The SEC is ordering them to pay more than $3 million for allegedly defrauding investors who gave roughly $19.5 million to invest in a company called Agronomics.
The SEC stated that between March 1. 2018, and Dec. 31, 2018, Foresight and Nugent raised approximately $19.5 million from more than 80 investors, many of whom were individual advisory clients of Foresight and Nugent, through offerings of limited partnership interests and promissory notes in the private fund.
Instead of using the money for the company, the SEC claims the two entities misused the fund assets, failed to disclose conflicts of interests, misrepresented to investors how the proceeds of their investment would be used, and breached Ag Capital’s limited partnership agreement.
The SEC said that Foresight and Nugent agreed, “without admitting or denying the SEC’s findings, to a cease-and-desist order; joint and several disgorgement of $1,379,061, prejudgment interest of $280,003, and a civil penalty of $1,379,061; censure as to Foresight; and undertakings, an industry bar and investment company prohibition as to Nugent.”
Who is FWM?
FWM is a Utah limited liability company headquartered in Draper, Utah. It was formed in 2010, and has been registered with the Commission as an investment adviser since 2015. FWM advises multiple types of clients, including individuals, seven hedge funds, and three private equity funds, including Ag Capital.
On its Form ADV filed on Sept. 9, 2022, FWM reported approximately $1.35 billion in regulatory assets under management.
Since Nugent, a resident of Salt Lake City, formed FWM in 2010, he has been the founder, chief executive officer, sole owner, managing member, and an investment adviser representative of FWM. Nugent was a principal shareholder of Agronomic Management, Ag Capital’s original general partner.
FWM began taking investor money to grow and distribute marijuana in California. Called “syndicate transactions,” these investments typically paid investors a “net multiplier” between 1.25 and 1.60 of their original principal.
Between August 2017 and January 2018, 29 advisory clients of FWM and Nugent invested a total of approximately $2.9 million in the syndicate transactions. According to the SEC allegations, this original money was used to finance the creation of the Agronomic companies. Nugent formed Ag Capital, which was meant to finance Ag Holdings’ operations, and Ag Management, the general partner of Ag Capital, which was meant to help manage Ag Holdings’ daily affairs.
The SEC claims that to raise monies on behalf of Ag Capital for its investments in Ag Holdings and Ag Enterprises, FWM and Nugent conducted multiple offerings of Ag Capital’s LP interests and promissory notes.

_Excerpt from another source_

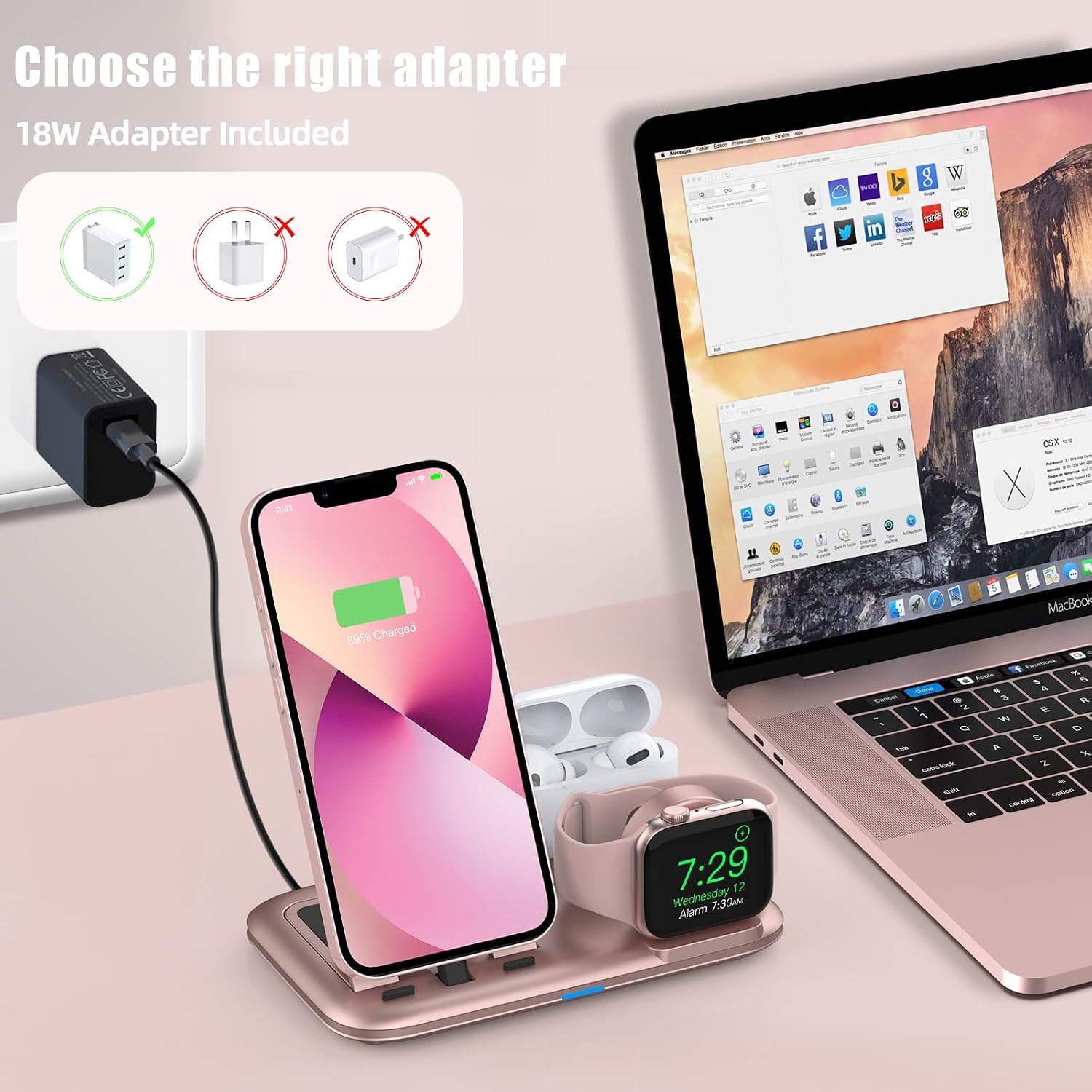OLEBR 3 in 1 Charging Station for Multiple Devices Apple Bedside Charging Stand for iPhone and Apple Watch 7/6/SE/5/4/3/2/1 Charging Dock for AirPods Pro/3/2/1 (with 12W Fast Charger) Rose Gold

The money raised was improperly used to pay off syndicate investors, including investors who were individual advisory clients of FWM and Nugent and Nugent’s personal friends, according to the SEC. Some money was also used as salary payments and fees to Nugent despite the partnership agreement stating specifically that money raised could not be used for salaries.

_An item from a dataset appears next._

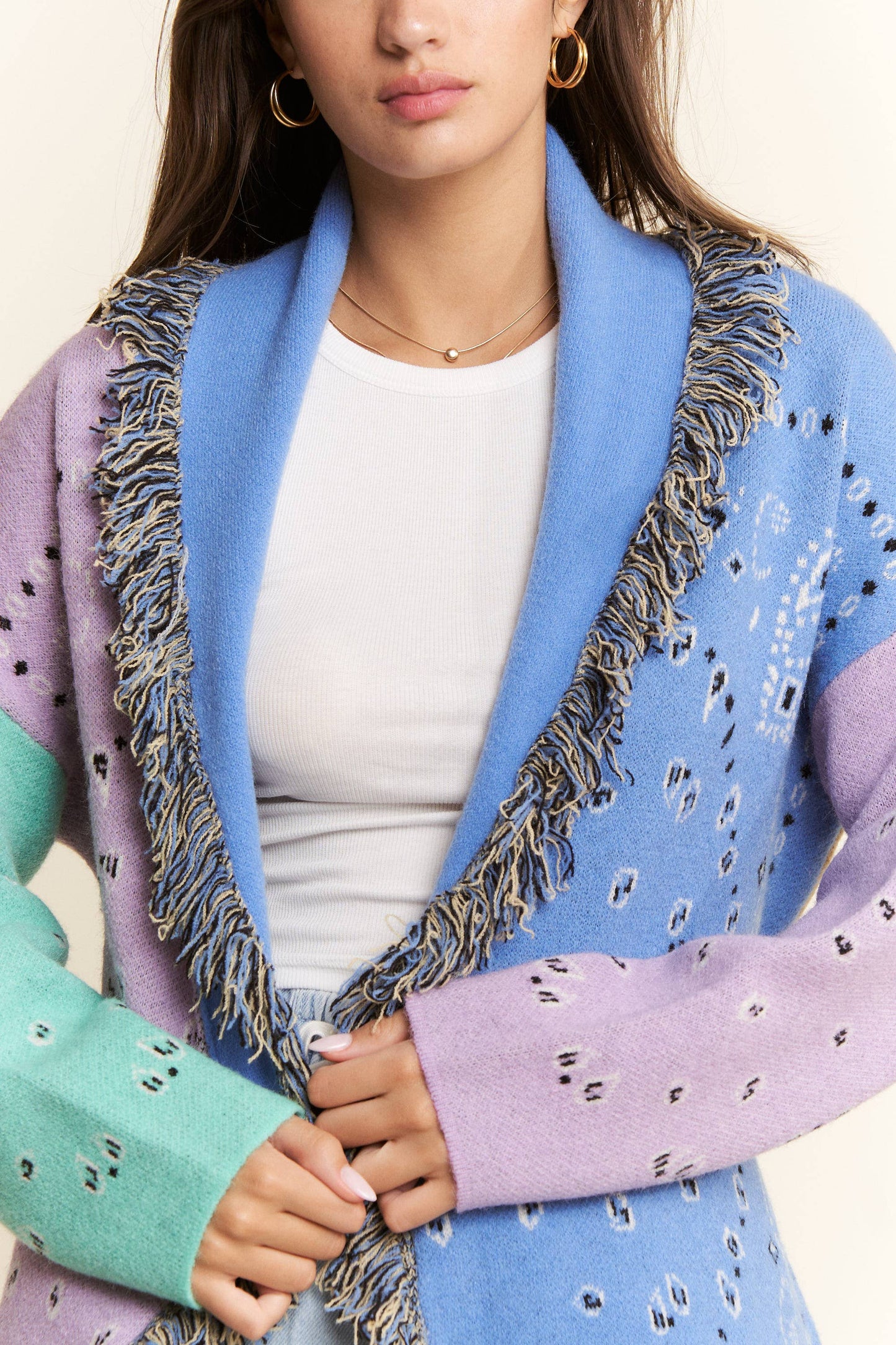 PLUS PAISLEY PRINT CONTRAST CARDIGAN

The court order stated that, “By the end of May 2018, the Ag Holdings venture was failing, requiring that the parties wind down its operations. Accordingly, FWM and Nugent revised Ag Capital’s original POM (private offering memorandum) to disclose that Ag Capital would use investor proceeds to invest in Ag Enterprises only. The revised POM deleted all prior references to Ag Holdings.”

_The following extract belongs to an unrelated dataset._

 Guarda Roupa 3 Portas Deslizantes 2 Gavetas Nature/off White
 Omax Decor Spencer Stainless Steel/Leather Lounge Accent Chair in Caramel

The SEC is punishing Nugent by:
- Barring him from association with any broker, dealer, investment adviser, municipal securities dealer, municipal advisor, transfer agent, or nationally recognized statistical rating organization.
- Prohibiting him from serving or acting as an employee, officer, director, member of an advisory board, investment adviser or depositor of, or principal underwriter for, a registered investment company or affiliated person of such investment adviser, depositor, or principal underwriter.
- Barring him from participating in any offering of a penny stock, including acting as a promoter, finder, consultant, agent, or other person who engages in activities with a broker, dealer or issuer for purposes of the issuance or trading in any penny stock, or inducing or attempting to induce the purchase or sale of any penny stock.